Right, that's crucial to understand. In 1985 you could make a direct dial from England to the US but it was eye wateringly expensive. £2 per minute. An hour's call to your mum? That's over £100.

But the cost to Bell and British Telecom was not £2 per minute, or £1 per minute, or even 1p per minute, it was nothing at all. Their costs were not for the call, but for the infrastructure over which the call was delivered, a transatlantic cable. If there was one call for ten minutes, once a week essentially at random, that cable must still exist, but if there are 10 thousand call minutes per week, a thousand times more, it's the same cable.

So the big telcos all just picked a number and understood it as basically free income. If everybody agrees this call costs £2 then it costs £2 right, and those 10 thousand call minutes generate a Million pound annual income.

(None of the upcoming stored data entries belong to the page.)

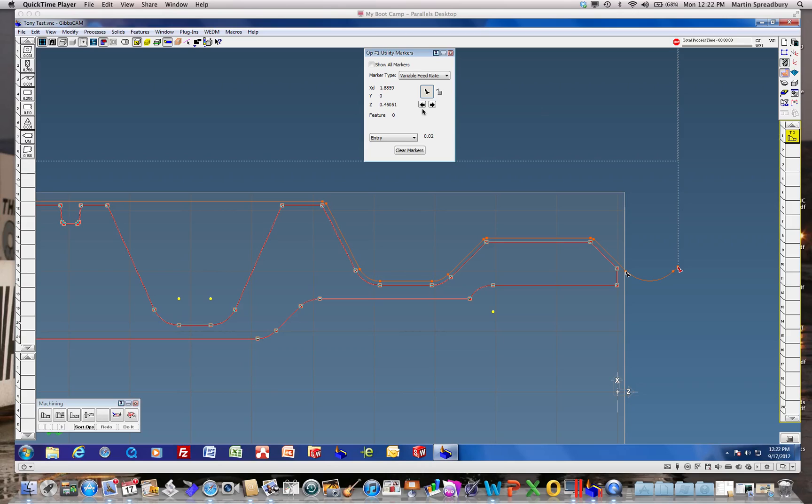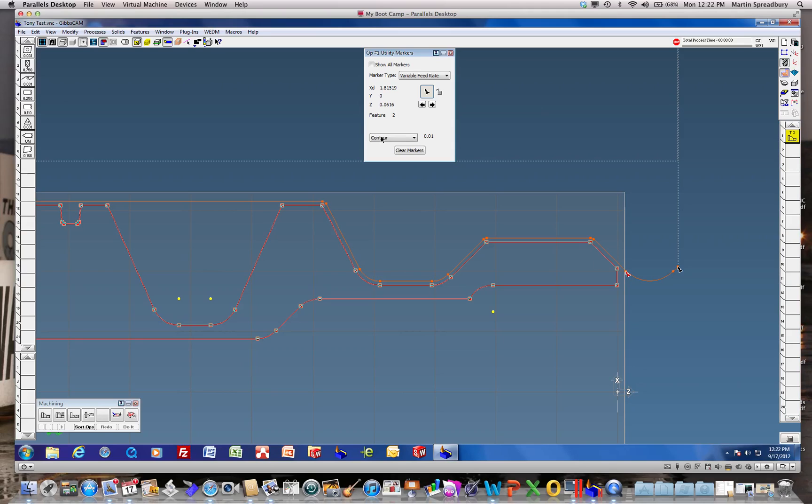Go ahead and utilize these markers. We're going to do variable feed rate. We've got an entry marker here and a contour marker there as you can see.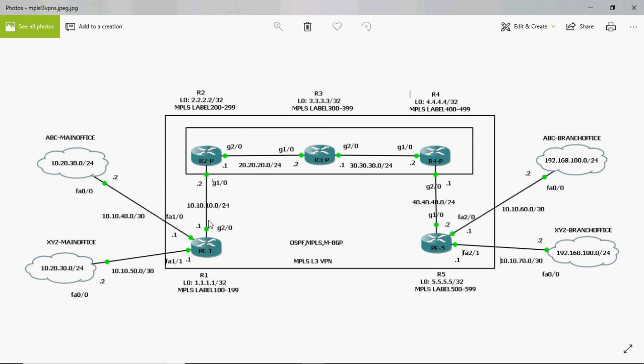Hi friends, this is Gautam. In this video tutorial, I am going to discuss an overview of MPLS Layer 3 VPN.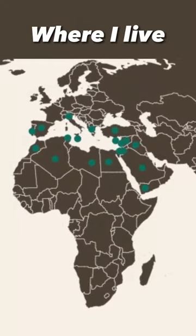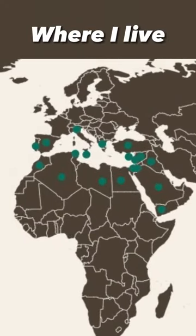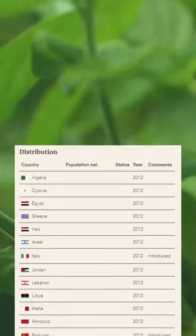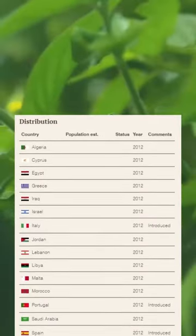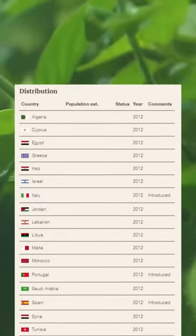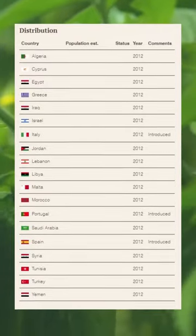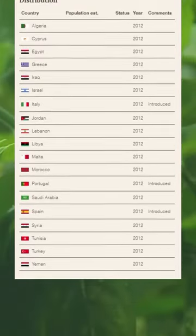The common chameleon predominantly inhabits coastal areas bordering the Mediterranean Sea. Its habitat spans southern European countries such as Spain, Italy, and Greece, as well as certain regions of North Africa.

It's maybe easier for Americans to understand if you tell them that outside the US the local telephone calls cost money back then. Why were your calls free? Because why not, the decision to charge for the calls is arbitrary, the calls don't actually cost anything, but you will need to charge somehow to recoup the maintenance costs. In the US the long distance calls were more expensive to make up for this for a time, today it's all absorbed in a monthly access fee on most plans.

daveguy|7 months ago

This analysis doesn't concern the limited bandwidth available for call delivery on plain old telephone networks (POTS). They did squeeze extra money out of the system with their networks as a monopoly, but the cost was zero only if you don't consider the cost of operating and maintaining the network, or the opportunity cost of having much less bandwidth than currently available. For the former, they still had to fix problems. For the latter if they had made calls pennies everyone would have had "all circuits are busy" all the time. A single line wasn't capable of carrying 10,000 calls back then. Pricing to limit usage to available bandwidth was as important as recouping infrastructure costs and ongoing maintenance. There's also a lemonade stand pricing effect. If you charge too little you don't get enough to cover costs. But if you charge too much, not enough people will do business and you won't cover costs. Also, ma bell was broken up in 1982, but regional monopolies lasted a lot longer (telecommunications act of 1996).

tqwhite|7 months ago

There was some capital expenditure that had to be paid for.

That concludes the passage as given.